Gagasankalbar.com – Di tubuh Himpunan Mahasiswa Islam (HMI), kepemimpinan selalu menjadi ruang kontestasi gagasan, nilai, dan arah gerakan. Namun dalam kontestasi itu, kerap muncul persoalan klasik: usia. Usia muda sering kali dianggap belum pantas untuk memimpin. Stereotip seperti “belum cukup pengalaman”, “kurang matang secara emosional”, atau “belum masanya” menjadi wacana laten yang terus bergulir dalam dinamika perkaderan dan pemilihan kepemimpinan di HMI.
Padahal, jika membaca sejarah HMI secara kritis, kita akan menemukan bahwa organisasi ini justru tumbuh dari semangat dan keberanian kaum muda. Lafran Pane mendirikan HMI pada usia 25 tahun usia yang hari ini sering dianggap “terlalu muda” untuk menjadi ketua cabang. Dalam konteks sejarah itu, usia bukan penghalang, tetapi justru titik pijak perjuangan.

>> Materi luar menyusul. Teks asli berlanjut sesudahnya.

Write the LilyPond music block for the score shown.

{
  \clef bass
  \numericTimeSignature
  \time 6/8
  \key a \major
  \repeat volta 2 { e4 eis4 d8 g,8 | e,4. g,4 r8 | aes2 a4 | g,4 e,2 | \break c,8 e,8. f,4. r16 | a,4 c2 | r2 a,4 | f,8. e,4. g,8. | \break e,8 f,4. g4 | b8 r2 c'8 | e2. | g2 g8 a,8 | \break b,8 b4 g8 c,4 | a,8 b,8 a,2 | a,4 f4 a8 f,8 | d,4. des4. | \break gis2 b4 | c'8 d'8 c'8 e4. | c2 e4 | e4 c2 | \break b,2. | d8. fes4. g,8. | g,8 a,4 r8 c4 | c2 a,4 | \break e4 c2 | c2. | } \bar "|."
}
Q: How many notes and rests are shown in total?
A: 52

HMI adalah ruang kaderisasi, bukan birokrasi tua. Maka kepemimpinan dalam HMI semestinya tidak disandarkan pada senioritas usia, melainkan pada kualitas: visi keummatan dan kebangsaan serta kecakapan dalam membaca zaman. Seorang kader muda yang aktif mengasah diri di komisariat, bergulat dengan realitas sosial, menguasai narasi keislaman dan keindonesiaan, serta memiliki semangat transformasi, terlepas dari usianya.
Namun dalam praktiknya, resistensi terhadap kepemimpinan muda sering hadir dalam bentuk struktural maupun kultural. Ada upaya membatasi regenerasi dengan dalih “belum cukup matang” atau “belum saatnya.” Bahkan tak jarang, ketua-ketua cabang justru diisi oleh kader-kader senior yang sudah melewati masa idealnya sebagai mahasiswa aktif. Ini tentu menabrak prinsip dasar HMI sebagai organisasi perkaderan mahasiswa.

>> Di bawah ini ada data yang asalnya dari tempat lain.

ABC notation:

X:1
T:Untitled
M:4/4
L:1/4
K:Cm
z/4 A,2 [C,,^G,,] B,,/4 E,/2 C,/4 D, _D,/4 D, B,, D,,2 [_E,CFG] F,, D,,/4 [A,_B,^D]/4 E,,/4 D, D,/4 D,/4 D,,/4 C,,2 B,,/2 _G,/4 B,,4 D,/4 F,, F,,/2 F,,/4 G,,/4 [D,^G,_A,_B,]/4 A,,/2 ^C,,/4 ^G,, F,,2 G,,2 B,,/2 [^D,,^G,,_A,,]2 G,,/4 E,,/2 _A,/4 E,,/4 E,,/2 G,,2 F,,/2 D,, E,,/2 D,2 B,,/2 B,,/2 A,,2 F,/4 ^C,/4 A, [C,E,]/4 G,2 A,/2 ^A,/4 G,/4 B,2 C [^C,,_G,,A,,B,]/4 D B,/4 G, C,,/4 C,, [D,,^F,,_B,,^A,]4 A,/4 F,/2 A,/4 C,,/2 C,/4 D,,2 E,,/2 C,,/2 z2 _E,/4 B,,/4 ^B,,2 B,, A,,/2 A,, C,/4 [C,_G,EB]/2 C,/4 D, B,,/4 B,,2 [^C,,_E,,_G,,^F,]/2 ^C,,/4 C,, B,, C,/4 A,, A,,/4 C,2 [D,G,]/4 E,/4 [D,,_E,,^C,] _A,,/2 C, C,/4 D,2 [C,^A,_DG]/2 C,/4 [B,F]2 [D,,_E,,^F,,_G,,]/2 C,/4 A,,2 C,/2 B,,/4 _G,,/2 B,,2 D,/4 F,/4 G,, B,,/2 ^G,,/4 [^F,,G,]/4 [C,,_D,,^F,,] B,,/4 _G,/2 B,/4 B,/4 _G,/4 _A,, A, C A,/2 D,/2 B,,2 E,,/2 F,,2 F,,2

Apabila kita membiarkan narasi usia menjadi syarat utama kepemimpinan, maka HMI akan kehilangan daya hidupnya sebagai kawah candradimuka kepemimpinan muda. Ia akan berubah menjadi ruang konservasi status quo, bukan pembebas yang melahirkan pemimpin transformatif. Karena itu, sangat penting untuk membongkar ulang konstruksi berpikir lama: bahwa yang muda selalu identik dengan ketidaksiapan, dan yang tua selalu identik dengan kebijaksanaan.
Kepemimpinan dalam HMI harus ditopang oleh nilai, bukan umur. Siapapun yang telah melalui proses perkaderan dan tahapan perkaderan secara tuntas, memiliki gagasan segar, dan terbukti konsisten dalam perjuangan, layak diberi amanah. Justru semakin muda seseorang dipercaya untuk memimpin, semakin panjang waktu dan kesempatan untuk bertumbuh, serta memperluas dampak kebermanfaatannya dalam jangka panjang.
Hari ini, banyak kader muda HMI yang sesungguhnya memiliki kapasitas besar: paham sejarah, tanggap terhadap isu sosial, menguasai teknologi, dan memiliki jejaring luas. Tapi mereka kerap dihadang oleh keraguan yang justru berasal dari internal organisasi sendiri. Ini adalah ironi yang perlu segera dibongkar.
Dengan demikian, membaca ulang korelasi antara usia dan kapasitas kepemimpinan dalam HMI bukan sekadar urusan personal siapa layak atau tidak. Tapi lebih dalam dari itu: ini adalah soal arah organisasi. Apakah HMI akan terus menjadi rumah tumbuhnya pemimpin muda yang transformatif yang lahir dari rahim-rahim kaderisasi atau justru berhenti pada sekat-sekat yang tak subtansi?
Maka, saatnya kita kembali kepada semangat kolektif bersama, bahwa HmI mesti menjadi rumah yang memberi ruang bagi tumbuhnya kepemimpinan muda yang lahir dan bertumbuh dari proses perkaderan himpunan yang menghasilkan kader umat dan bangsa yang berkualitas.